Orang tua resah, tapi makin banyak saja warnet game online di Cikarang Baru ini. Di Rusa Raya saja ada lebih dari 3 warnet yang salah satu menunya pasti game online itu. Di ruko Gardenia, tak kurang dari 3. Di Ruko Anggrek juga demikian. Belum lagi yang ada di rumah-rumah pemukiman.
"Ayah, buka warnet aja, yah..." saran anak saya empat tahun yang lalu. Dia tahu bisnis ini bisa jadi sumber uang. 
"Ayah gak pengen. Kasihan sama anak-anak yang nantinya jadi lupa waktu. Lupa belajar." jawab saya waktu itu.
"Ya, itu kan urusan mereka." jawab anak saya.
"Ooo, gak boleh begitu. Kita kalau bisnis jangan cuma cari keuntungan saja.
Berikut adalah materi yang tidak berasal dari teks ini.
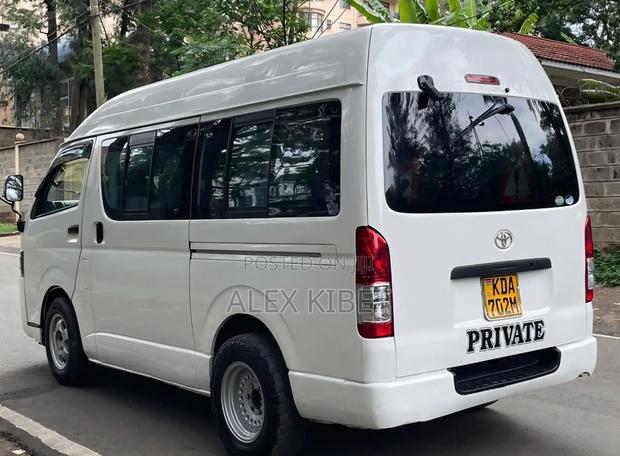 Toyota HiAce 2013 White - thumbnail 3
Lihat dampak lainnya juga. Ayah ikut berdosa kalau mereka melalaikan waktu gara-gara nongkrong di warnet." 
Kini Kepala Pusat Informasi dan Humas Kementerian Kominfo RI  Gatot S. Dewo Broto mengatakan, game online sama bahayanya dengan situs porno yang meresahkan masyarakat. 
"Jika Anda atau anggota masyarakat lain merasa gerah, resah, khawatir, atau terganggu dengan maraknya game online, silakan saja sampaikan pengaduan ke penegak hukum. Dan penegak hukumlah yang berkoordinasi dengan kami di Kominfo dan para penyelenggara ISP," katanya.
Depkominfo melalui Direktur Pemberdayaan Telematika Departemen Komunikasi dan Informatika RI menyampaikan bahwa tidak sedikit pecandu games online yang sakit-sakitan, bahkan hingga membawa korbannya kepada kematian akibat tidak mengenal waktu dalam mengakses permainan itu.
Senang saya mendengar niat baik pemerintah ini. Bahkan katanya game online dengan situs porno telah diatur sama dalam peraturan undang-undang. Sebenarnya, lanjutnya, yang diatur dalam UU ITE, pada Pasal 27 hingga Pasal 35 adalah berisi larangan konten yang terkait dengan pencemaran nama baik, perjudian, pornografi, SARA, dan sebagainya.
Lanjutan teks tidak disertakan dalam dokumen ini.